HDR photography is something you've undoubtedly encountered before, whether you've realized it or not. Ever see a dazzling image with amazing colors that almost seem to jump off the page? Chances are, it was an HDR photo.
For example, take this one from Trey Ratcliff…
Pretty impressive, right?
Once you understand the mechanics of how these images work (and you have the right tools to create them), they're actually not that hard to get.
High-dynamic-range imaging (HDRI or HDR) is a type of photography that produces a wider range of light and color than is possible with a digital camera all by itself.
When these images are processed correctly, they actually end up looking more like the scenes we're familiar with in everyday life. Why? Because the human eye and brain is constantly adjusting to the broad dynamic changes we see in our environment. A standard camera isn't nearly complex enough to do what our eyes and brain are capable of doing, and that's where HDR photography can help bridge the gap.

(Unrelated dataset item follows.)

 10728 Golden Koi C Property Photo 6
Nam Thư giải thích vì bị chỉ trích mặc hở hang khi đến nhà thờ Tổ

HDR images take a little bit more work to produce – but the end result is an image that is pretty much impossible to ignore. It literally takes the best lighting from multiple images and combines them into a sort of hybrid image that leaves out the bland and accents the beauty.
HDR photography is fun, because you can take any shot (even if it's not an impressive image by itself) and make it look MUCH more beautiful through image processing.

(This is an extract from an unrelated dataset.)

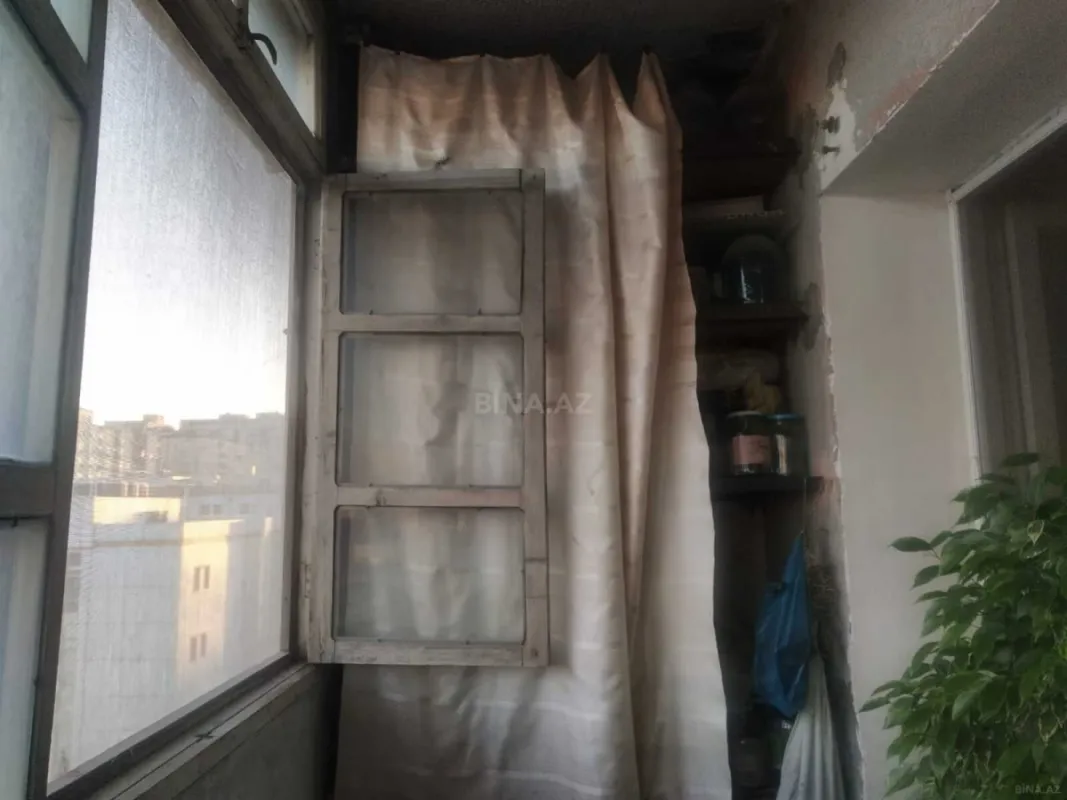 Satılır 5 otaqlı mənzil 120 m²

Some professional photographers look down on HDR photography because in some ways, it's sort of like cheating. It's a way to compensate for a picture that wasn't all that great well to begin with (and when you overcompensate with HDR imaging, your pictures can end up looking really weird – so this is also an area to be cautious in).
However, when it comes to real estate listings, the primary goal is to get noticed and captivate prospective buyers in an honest, ethical way, without leading them on with false expectations. We can do this by using good photos in our listings – and my personal opinion is that HDR photography falls well within the range of acceptable, because we're simply accenting the qualities that are already inherent in the property (not fabricating lighting and color that never existed in the first place).

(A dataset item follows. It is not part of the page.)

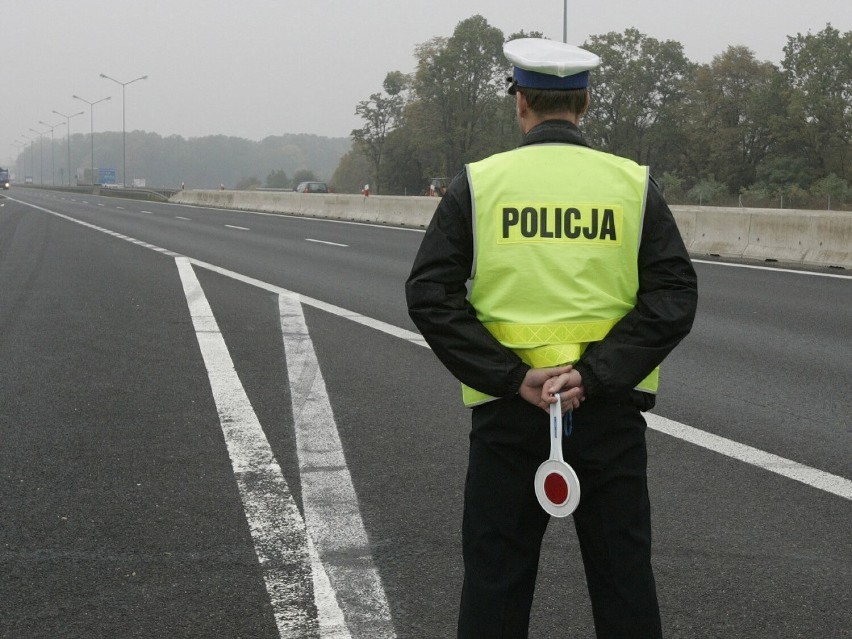 Policjanci nyskiej drogówki zatrzymali dwóch nietrzeźwych...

If HDR Photography is something you want to get into in a big way, be sure to check out Trey Ratcliff. This guy is one of the current authority figures in this niche.
If you choose to forego a high-end DSLR or Mirrorless Camera – that's perfectly fine (and this is what most people do, because high-end cameras simply aren't practical for everyone).
While there may be some limitations, you can still get some awesome pictures that are sufficient for the purpose of creating a great real estate listing.
If you're using a smart phone, there are a few apps that can make a HUGE difference in the quality of your images and you'll want to arm yourself with these tools to make sure you're creating the best pictures you possibly can.
- Horizon Level (eliminate crooked shots)
- Digital Zoom (Up to 6× zoom with advanced digital processing)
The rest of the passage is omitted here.